A l’échelle mondiale, les décès dus au S.  Aureus résistant à la méticilline – souches de staphylocoques dorés qui ont développé des résistances – sont ceux qui ont augmenté le plus ; 130 000 décès en 2021 contre 57 200 en 1990.

Les 70 ans et plus sont les plus exposés

Sur la période 1990 – 2021, plus d’un million de personnes sont mortes chaque année de la RAM dans le monde, tandis que plus de 4 millions de décès lui étaient associés. Au cours de cette période, les décès dus à la RAM chez les enfants de moins de cinq ans ont diminué de 50 % tandis que ceux des personnes âgées de 70 ans et plus ont augmenté de 80 %. D’ici 2050, ce sont les personnes âgées qui resteront largement impactées par ce fléau.

Chez les enfants de moins de 5 ans, le nombre de décès devrait continuer à diminuer. « La baisse des décès dus à la septicémie et à la RAM chez les jeunes enfants au cours des trois dernières décennies est une réussite incroyable. Cependant, ces résultats montrent que si les infections sont devenues moins courantes chez les jeunes enfants, elles sont devenues plus difficiles à traiter lorsqu’elles surviennent. En outre, la menace que représente la RAM pour les personnes âgées ne fera qu’augmenter à mesure que la population vieillit. Il est temps d’agir pour protéger les populations du monde entier contre la menace posée par la RAM », a déclaré le Dr Kevin Ikuta, auteur de l’étude de l’Université de Californie à Los Angeles (UCLA).

Une menace qui s’intensifie

« Les médicaments antimicrobiens sont l’une des pierres angulaires des soins de santé modernes, et l’augmentation de la résistance à ces médicaments est une source majeure d’inquiétude.

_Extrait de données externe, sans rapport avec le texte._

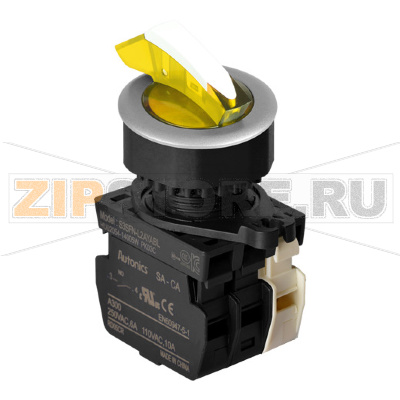 Переключатель селекторный, головка: круглая, утопленная, Ø отверстия: 30 мм Autonics S3SFN-L1AGBDM 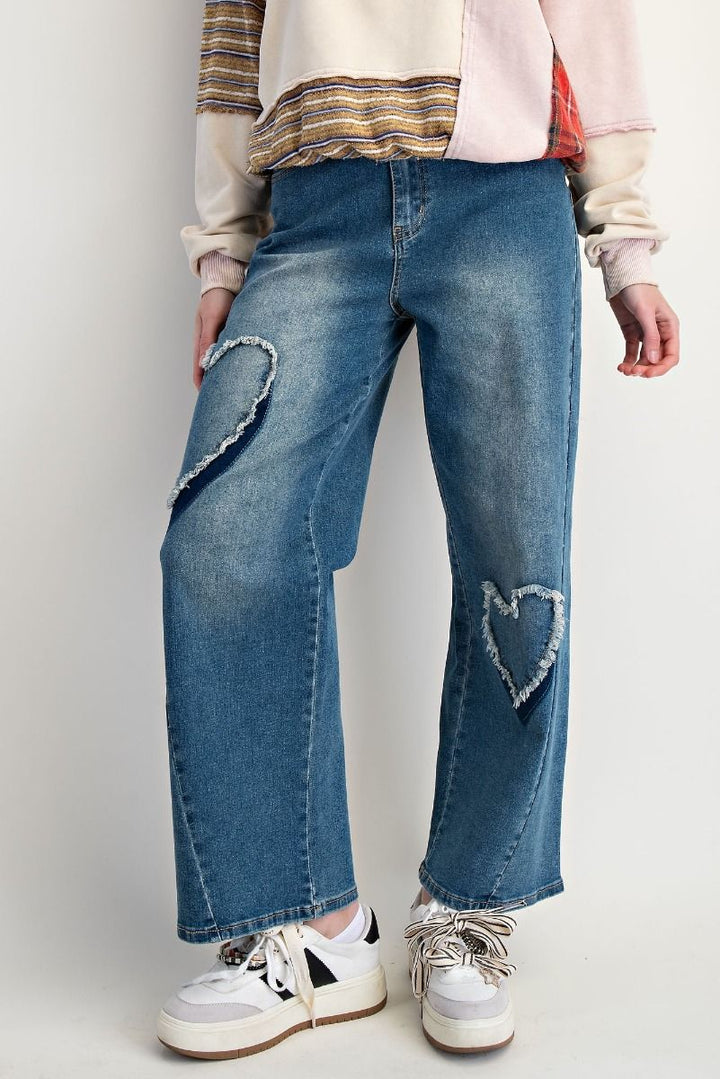 Easel Heart patch jeans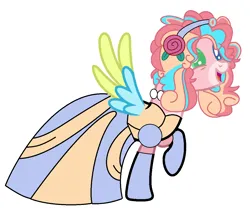 Size: 1168x1003 | Tagged: safe, artist:brightstar40k, derpibooru import, pinkie pie, alicorn, pony, alicornified, alternate design, alternate eye color, alternate hair color, alternate hairstyle, alternate universe, cinderella, clothes, dress, evening gloves, flower, flower in hair, gloves, gown, image, jetlag productions, jewelry, long gloves, necklace, open mouth, open smile, pearl necklace, png, poofy shoulders, princess pinkie pie, race swap, raised hoof, smiling, wings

Ces résultats soulignent que la RAM constitue une menace sanitaire mondiale importante depuis des décennies et que cette menace ne cesse de croître », a déclaré l’auteur de l’étude, le Dr Mohsen Naghavi, chef d’équipe de recherche sur la RAM à l’Institute of Health Metrics (IHME), Université de Washington, États-Unis.

Les chercheurs plaident pour une meilleure prévention des infections, la vaccination, la réduction de l‘utilisation inappropriée d’antibiotiques et la recherche de nouveaux antibiotiques. Ils estiment que 92 millions de décès pourraient être évités d’ici 2050 avec une amélioration des soins contre les infections et un meilleur accès aux antibiotiques existants (associés à des recommandations sur la manière de les utiliser le plus efficacement possibles). Et si de nouveaux antibiotiques, efficaces, étaient développés contre les bactéries Gram-négatives (gastro-entérite, pneumonie, choléra, coqueluche, peste, tularémie, brucellose, salmonella…), 11 millions de décès pourraient être évités sur la même période.